In this module, you’ll use the Talent Funnel for real estate roles: Hiring, Training, and The Repellent Job Ad. The goal is simple: only suitable candidates make it far, and your onboarding turns them into reliable team members quickly.
Concept
Think of your hiring funnel as three stages that reduce risk at each step.
#Hiring
In real estate, “role fit” matters as much as skills. For example, an appointment setter or showing coordinator who can’t handle rejection, reschedules, or client communication will create problems immediately.
Your first job is to attract candidates who understand the day-to-day reality of the role. That means your job ad should clearly describe:
- What they’ll do weekly (tasks, volume, and pace)
- The client-facing expectations (tone, responsiveness, professionalism)
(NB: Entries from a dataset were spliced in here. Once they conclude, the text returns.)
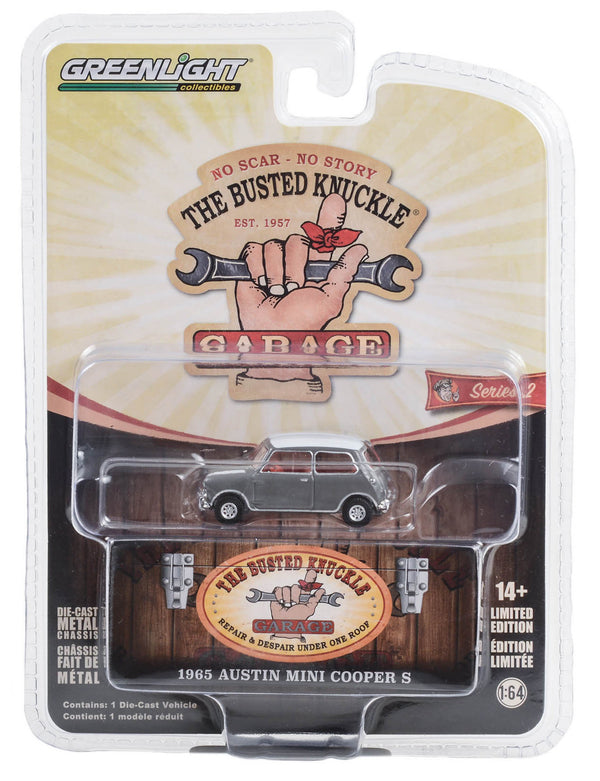 Busted Knuckle Garage 39120-E 1965 Austin Cooper S 1:64 Diecast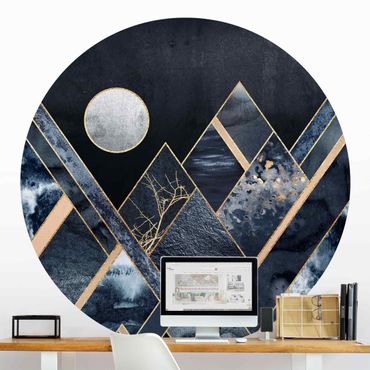 Okrągła tapeta samoprzylepna - Złoty księżyc abstrakcyjne czarne góry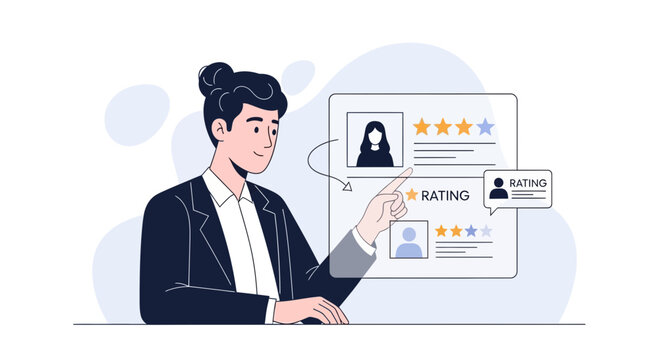Customer feedback analysis on digital screen with person interacting with ratings.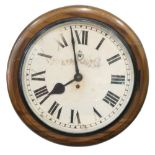 A 20thC mahogany cased RAF wall clock, with 34cm diameter Roman numeric dial, marked RAF with fusee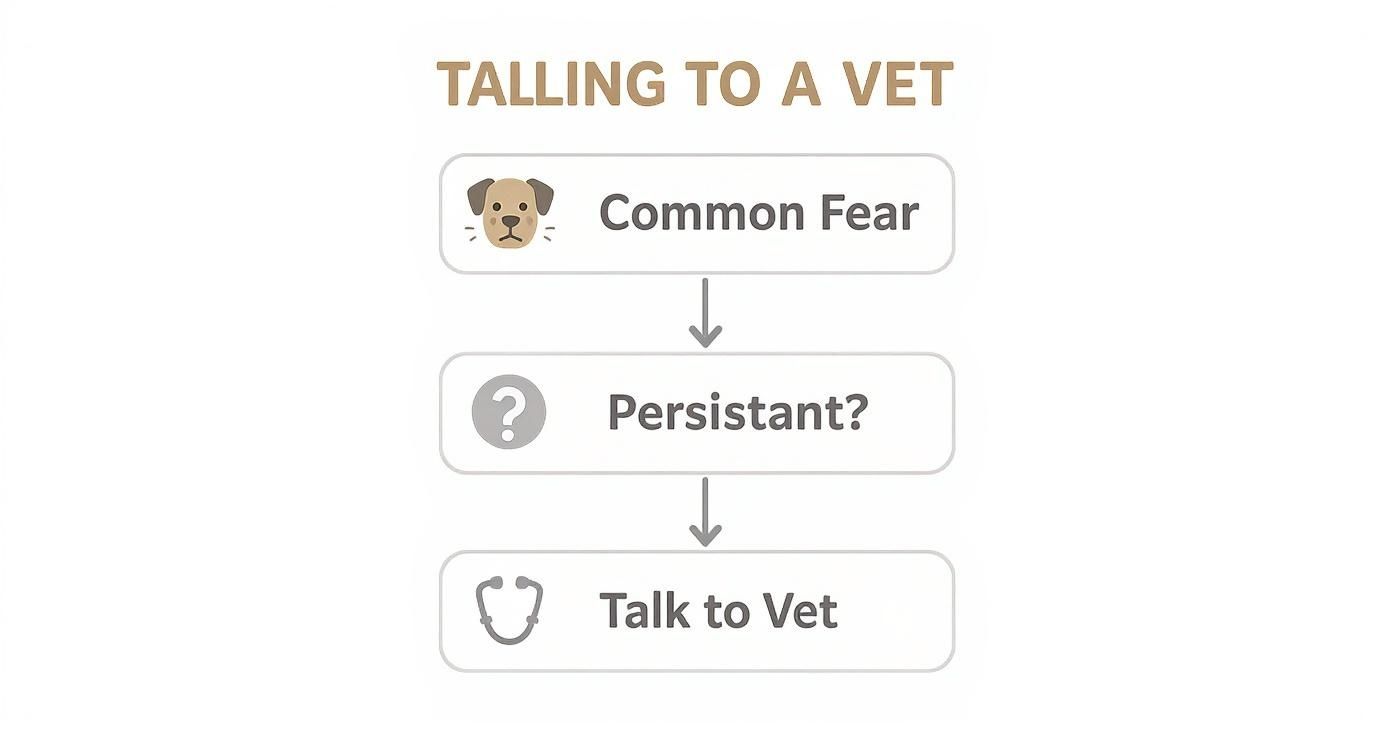 Infographic decision tree for when to talk to a vet about dog anxiety.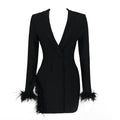 DALIA - Feather-Trim Blazer Dress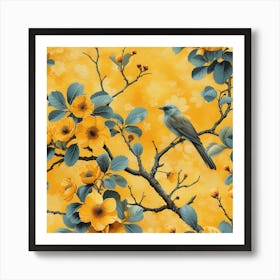 Yellow Floral Wallpaper Art Print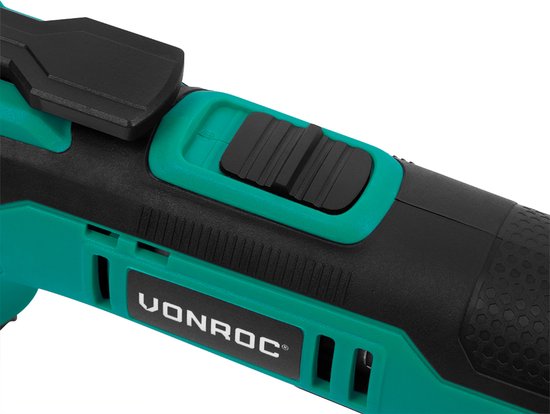 VONROC Accu Multitool 12V – met schraapmes, invalzaagblad, schuurzool en schuurpapier - Incl. Accu en usb-c kabel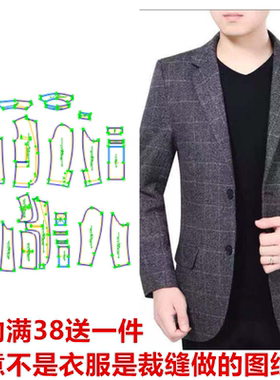 DIY纸样新款男士外套制版修身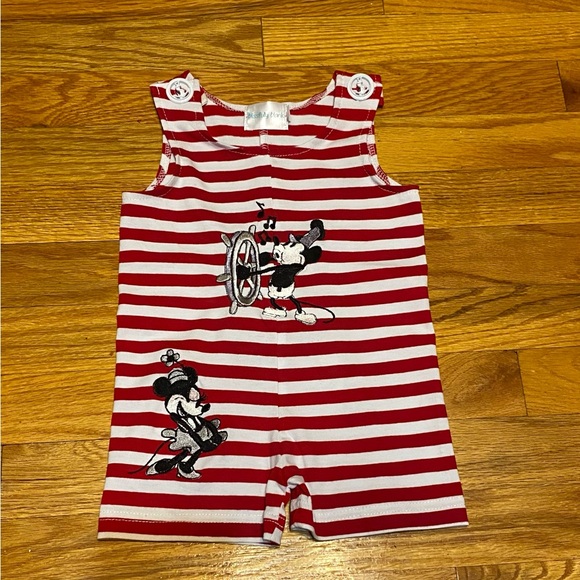 Disney Steamboat Mickey/Minnie/Walt Boy’s Embroidered Jon Jon NEW Various Sizes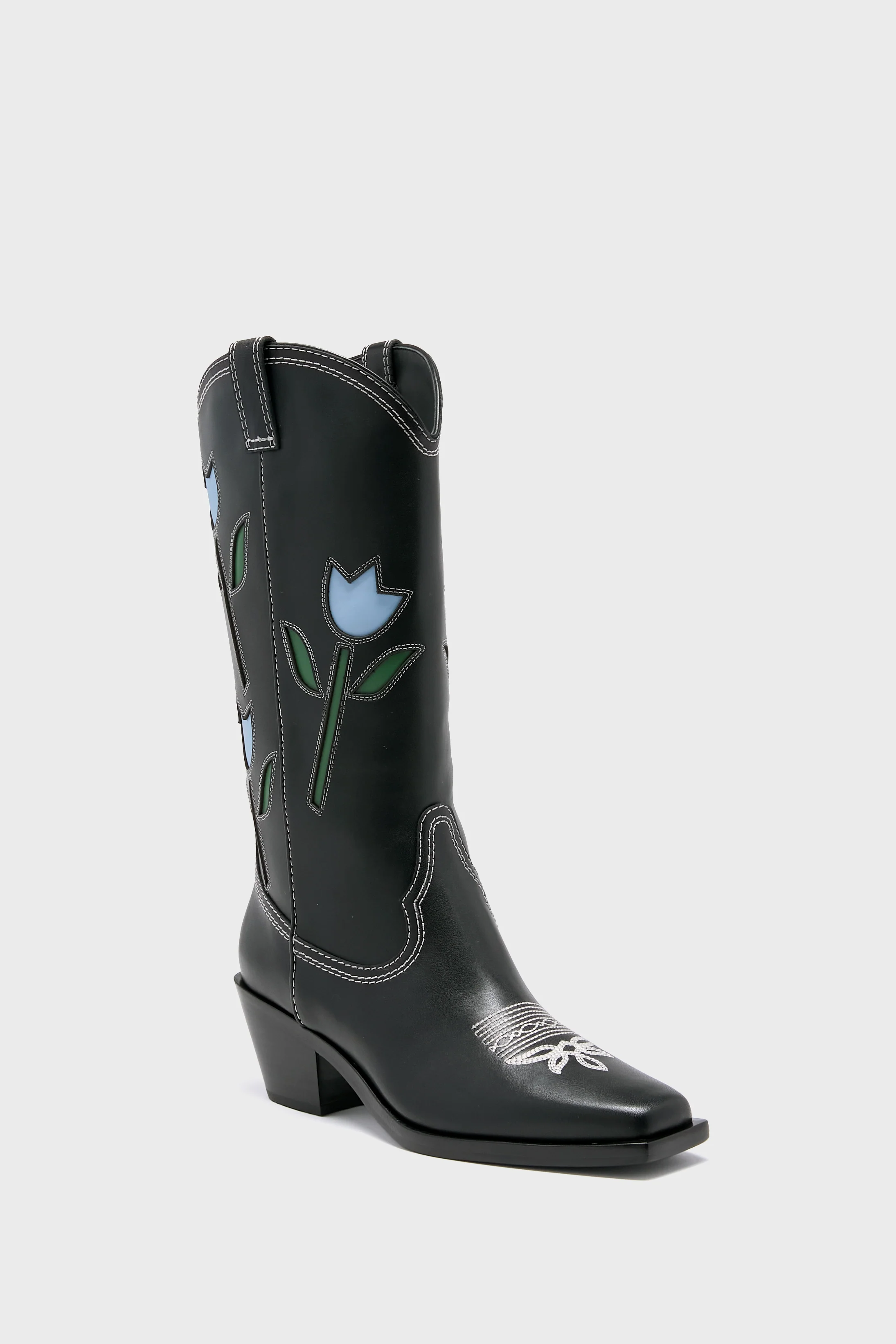 Black with Tulips Wilder Boots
- The non-negotiables (showing window adherence, follow-up speed, documentation)
- The performance standard (what “good” looks like in your system)
Real-world real estate scenario: You’re hiring a Buyer Appointment Setter. A generic ad might say “must be motivated, fast learner, great communicator.” A better ad says: “This role makes 80-120 calls and texts per day, follows a script, logs every interaction in the CRM, and books appointments within set SLAs. You will hear ‘no’ often and you still stay polite and consistent.” That filters out people who want vague “sales” roles and keeps those who can handle structured outreach.
#Training
Training is where you protect your lead flow and your brand. Real estate clients can feel the difference instantly. New hires must learn your exact processes: how leads are handled, how follow-ups are timed, how you document, and how you communicate.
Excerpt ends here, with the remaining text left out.